Yes, antibody genesis is completely random, MHC’s just determine which peptides are presented. Help me a bit here - in RA, the target is the Fc portion of the IgG heavy chain (is it IgG subclass specific (e.g. 1,2,3,4), or is the binding domain conserved across classes, or does this vary? If you could selectively deplete a subclass of IgG’s, would that help, and is the distribution of IgG subclasses aberrant in RA?) Is the connection to joints related to deposition of the immune complex in the synovium? I have a lot to learn on RA. My philosophy in understanding ME has been to try to understand as much of every branch of medicine as I can get my head around - I don’t know where the key discovery will be. Is this an epitope mimicry issue in RA, where a particular peptide is presented by DR4, and if so has any such antigen been identified? I’m not aware of any particular illness being identified as preceding RA onset.
I am also not very attracted to the mitochondrial thesis. I think there may be some secondary mitochondrial dysfunction. There seems to be greater oxidative stress and lipid peroxidation - but I’m not so sure this is at the root. I’ve read Dr. Pall’s work, and while I think there is some merit in the idea of increased oxidative stress, I am not really convinced that, in itself, can create a self perpetuating loop - why doesn’t it just calm down on its own? So, again, I think it’s a piece of the puzzle, but I have questions about whether there can be a self-perpetuating cycle solely based on NO/ONOO-.

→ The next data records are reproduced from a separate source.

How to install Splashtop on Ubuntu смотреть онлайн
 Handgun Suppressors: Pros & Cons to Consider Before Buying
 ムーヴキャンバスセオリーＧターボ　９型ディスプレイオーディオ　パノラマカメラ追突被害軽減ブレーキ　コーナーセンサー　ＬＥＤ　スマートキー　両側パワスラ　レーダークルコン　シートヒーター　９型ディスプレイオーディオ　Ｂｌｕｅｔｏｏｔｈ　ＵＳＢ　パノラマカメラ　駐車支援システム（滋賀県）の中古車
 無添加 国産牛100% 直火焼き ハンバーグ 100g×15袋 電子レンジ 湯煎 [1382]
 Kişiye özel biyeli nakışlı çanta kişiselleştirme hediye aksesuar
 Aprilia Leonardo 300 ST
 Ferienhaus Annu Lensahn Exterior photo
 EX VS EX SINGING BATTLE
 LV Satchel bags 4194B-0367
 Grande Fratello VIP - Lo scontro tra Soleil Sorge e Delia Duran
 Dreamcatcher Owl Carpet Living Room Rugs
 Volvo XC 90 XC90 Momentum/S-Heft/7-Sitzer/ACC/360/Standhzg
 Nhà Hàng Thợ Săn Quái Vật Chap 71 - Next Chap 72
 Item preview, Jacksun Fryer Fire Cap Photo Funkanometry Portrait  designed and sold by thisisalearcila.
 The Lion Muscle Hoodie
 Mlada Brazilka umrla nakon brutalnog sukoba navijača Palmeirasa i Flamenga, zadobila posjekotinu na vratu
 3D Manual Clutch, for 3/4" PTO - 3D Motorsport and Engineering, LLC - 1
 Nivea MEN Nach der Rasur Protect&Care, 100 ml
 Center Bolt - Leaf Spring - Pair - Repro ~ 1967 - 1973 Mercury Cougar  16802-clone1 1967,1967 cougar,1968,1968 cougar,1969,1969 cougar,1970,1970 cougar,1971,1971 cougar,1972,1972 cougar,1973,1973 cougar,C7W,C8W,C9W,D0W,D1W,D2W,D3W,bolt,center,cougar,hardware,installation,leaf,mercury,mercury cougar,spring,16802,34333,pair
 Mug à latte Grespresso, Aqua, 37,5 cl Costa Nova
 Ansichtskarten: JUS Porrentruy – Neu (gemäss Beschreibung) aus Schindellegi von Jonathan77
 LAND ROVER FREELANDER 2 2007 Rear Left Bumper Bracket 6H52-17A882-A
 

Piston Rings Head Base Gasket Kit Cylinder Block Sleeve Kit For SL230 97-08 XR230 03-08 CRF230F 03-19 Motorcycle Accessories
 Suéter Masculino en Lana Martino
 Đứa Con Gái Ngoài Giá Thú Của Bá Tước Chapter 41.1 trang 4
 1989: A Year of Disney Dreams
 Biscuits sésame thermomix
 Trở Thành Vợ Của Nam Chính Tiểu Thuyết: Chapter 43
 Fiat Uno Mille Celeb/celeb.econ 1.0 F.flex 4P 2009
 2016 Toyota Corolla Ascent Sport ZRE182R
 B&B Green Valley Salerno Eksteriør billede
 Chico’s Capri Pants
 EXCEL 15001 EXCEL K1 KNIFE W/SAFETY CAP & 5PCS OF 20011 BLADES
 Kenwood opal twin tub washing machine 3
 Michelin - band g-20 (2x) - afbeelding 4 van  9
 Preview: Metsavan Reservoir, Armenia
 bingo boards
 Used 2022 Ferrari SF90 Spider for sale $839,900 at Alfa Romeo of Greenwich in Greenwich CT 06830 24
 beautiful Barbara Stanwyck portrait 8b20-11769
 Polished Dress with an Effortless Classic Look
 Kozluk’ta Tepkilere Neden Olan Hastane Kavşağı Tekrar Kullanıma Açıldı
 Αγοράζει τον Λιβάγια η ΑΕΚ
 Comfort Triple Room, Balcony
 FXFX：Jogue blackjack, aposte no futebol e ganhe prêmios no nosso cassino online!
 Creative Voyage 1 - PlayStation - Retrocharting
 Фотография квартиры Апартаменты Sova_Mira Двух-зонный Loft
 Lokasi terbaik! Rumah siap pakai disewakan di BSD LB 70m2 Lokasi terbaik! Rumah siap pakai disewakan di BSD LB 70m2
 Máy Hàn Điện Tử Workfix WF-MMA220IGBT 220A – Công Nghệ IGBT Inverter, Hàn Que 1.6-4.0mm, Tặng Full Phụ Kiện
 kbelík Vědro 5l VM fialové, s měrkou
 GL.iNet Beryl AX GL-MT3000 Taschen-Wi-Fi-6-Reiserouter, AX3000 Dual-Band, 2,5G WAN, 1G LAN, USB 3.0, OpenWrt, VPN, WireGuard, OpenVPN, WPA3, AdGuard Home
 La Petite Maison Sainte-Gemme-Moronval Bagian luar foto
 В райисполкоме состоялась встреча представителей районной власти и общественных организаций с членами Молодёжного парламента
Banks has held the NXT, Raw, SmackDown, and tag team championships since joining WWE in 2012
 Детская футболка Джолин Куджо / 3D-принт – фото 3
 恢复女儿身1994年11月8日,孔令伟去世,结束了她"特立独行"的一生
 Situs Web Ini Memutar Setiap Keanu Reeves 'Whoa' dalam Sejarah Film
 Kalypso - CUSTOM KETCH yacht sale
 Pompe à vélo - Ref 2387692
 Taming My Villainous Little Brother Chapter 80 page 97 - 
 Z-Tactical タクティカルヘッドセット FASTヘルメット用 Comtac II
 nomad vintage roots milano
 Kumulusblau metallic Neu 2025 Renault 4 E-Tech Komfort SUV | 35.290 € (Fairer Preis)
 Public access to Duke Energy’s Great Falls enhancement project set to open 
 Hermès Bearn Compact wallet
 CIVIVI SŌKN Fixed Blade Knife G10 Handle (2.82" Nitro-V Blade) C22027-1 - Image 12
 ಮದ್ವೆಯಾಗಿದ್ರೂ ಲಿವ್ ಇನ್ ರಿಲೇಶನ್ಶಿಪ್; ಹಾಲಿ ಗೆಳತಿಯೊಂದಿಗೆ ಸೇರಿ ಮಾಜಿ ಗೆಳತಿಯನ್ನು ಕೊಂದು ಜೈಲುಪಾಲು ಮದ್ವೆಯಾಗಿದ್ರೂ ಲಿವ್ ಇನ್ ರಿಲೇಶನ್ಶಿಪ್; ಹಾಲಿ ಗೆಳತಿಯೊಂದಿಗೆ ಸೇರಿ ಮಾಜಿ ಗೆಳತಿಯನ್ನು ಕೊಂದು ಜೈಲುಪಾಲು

The biggest issue for me with the rheum approach is that we cannot find any evidence of inflammation. I don’t know of any autoimmune or auto inflammatory disease where this is the case (MS perhaps - many cases do not show evidence of inflammation - perhaps because of the BBB?). Perhaps my bias is my own illness. Maybe I am in a subtype that does not have inflammatory markers, but for a long time, many ME clinicians have insisted that sed rates are VERY low in their patients, and that they consider it their most replicable finding.
You may very well turn out to be right on T-cell subsets. We’ll have to wait for science to work through these issues. It remains a theory - whether it stands the test of time we won’t know for a while.
Interesting regarding the macrophages and TNF, and good to know. Suggests strongly it’s a local phenomenon - and serum levels aren’t as likely to be useful. Signaling is more paracrine than endocrine. TNF seems likely to be far down the chain, a reactive phenomenon. I understand your point about T-cells being normal and still potentially contributing to the problem - the t-cells themselves are reacting as they should given the stimuli they are receiving, but the stimuli are aberrant. If that’s true, T-cells could be a target, but wouldn’t be the best one, as they are downstream of the root cause. i found a ton of links on treg/th17 balance in RA from a quick pubmed search, but I can’t speak to the quality and I did not go through them in detail.
The seronegative auto inflammatory diseases are interesting to me. I seem to have every conceivable risk factor on genetic screens - but I don’t have the actual illnesses. Is it possible ME is some sort of an auto inflammatory condition? Also, is it possible that this is more common in men? Many auto inflammatory diseases seem to show male predominance, whereas most antibody-mediated autoimmune diseases show a strong female predominance. Dr. Kerr’s work showed some subtypes that were female or male dominated. Is ME different in men and women, and what does this tell us from what we know of well characterized diseases?
I have seen a few small studies on HLA’s in ME patients, and there does not seem to be an overrepresentation of B27. Some MHC II’s were overrepresented I think. This seems like it might be an interesting place to look with some larger, higher powered studies.